Quels sont les taux de cotisation à la retraite (employé plus employeur) en pourcentage du salaire mensuel moyen en Nouvelle-Zélande, aux Pays-Bas, en Allemagne et en France ?

La réponse est effarante : respectivement 6 %, 12 %, 18 % et… 27 %. Comment peut-on en arriver à des écarts de plus de un à quatre sur ce qui est la plus grosse dépense d’un pays ? En regardant ce que font les autres nations, on comprend tout de suite, car c’est très simple.

Premier facteur, la technologie : répartition ou capitalisation. La capitalisation fait peur à ceux qui ne connaissent pas la Bourse ; c’est dommage, car elle fait fructifier les économies : depuis 1983 (date de la retraite à 60 ans introduite par le président Mitterrand), la Bourse française a été multipliée par 8 et le Dow Jones par 14. La capitalisation coûte beaucoup moins cher que la répartition, puisqu’elle s’appuie sur la croissance de la Bourse. La Nouvelle-Zélande est 100 % capitalisation, la France 100 % répartition ; Pays-Bas et Allemagne mixent les deux.

Deuxième facteur : la durée du travail (mesure plus pertinente que l’âge de départ à la retraite). La Nouvelle-Zélande est championne, avec une durée de plus de 40 ans, comme la Suède ; la France est à l’autre bout de l’échelle avec 35 ans ; les Pays-Bas sont à 40 ans, l’Allemagne à 38. Pour le mix entre répartition et capitalisation, comme pour la durée de travail : la France et Nouvelle-Zélande sont aux antipodes.

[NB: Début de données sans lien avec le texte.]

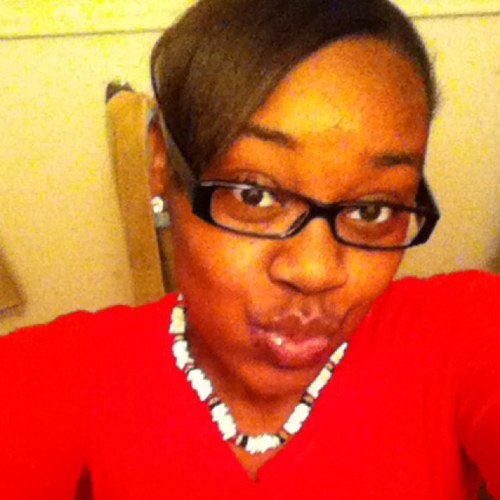 Ima Swagger 4 Life !!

Résultat, les dépenses de retraite représentent 6 % du PIB en Nouvelle-Zélande et 13 % en France. La différence c’est, pour la France, 160 milliards d’euros, un chiffre intenable sur la durée. La Bourse fait peur aux Français, on ne s’en tirera qu’en retardant l’âge de départ. La Constitution devrait interdire la pratique des promesses électorales et cantonner le débat aux principes politiques ; on ne tiendra pas rigueur à notre président s’il revient sur son engagement de campagne de ne pas toucher à l’âge de départ, car il y va de la compétitivité de nos entreprises exposées à la concurrence mondiale et de notre prospérité à tous.